RAW DATA START
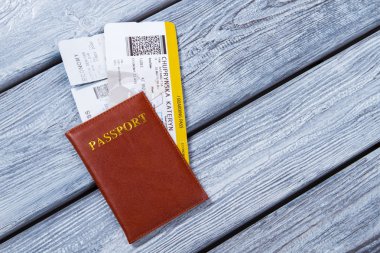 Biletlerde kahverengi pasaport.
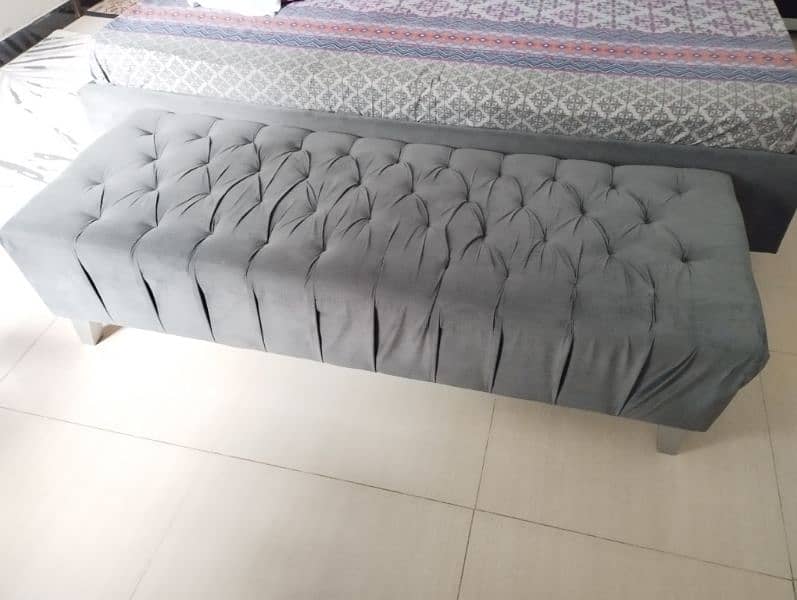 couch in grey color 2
RAW DATA END
RAW DATA START
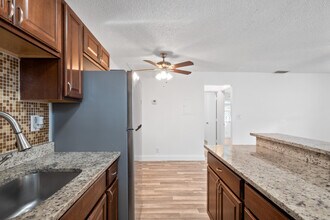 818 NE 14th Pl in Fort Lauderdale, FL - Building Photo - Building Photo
RAW DATA END
PROBLEM:
While skipping the pictures, transcribe the data above from the line showing "Biletlerde kahverengi pasaport." through the line showing "couch in grey color 2", exactly and with both ends.

TASK ANSWER:
 Biletlerde kahverengi pasaport.
 couch in grey color 2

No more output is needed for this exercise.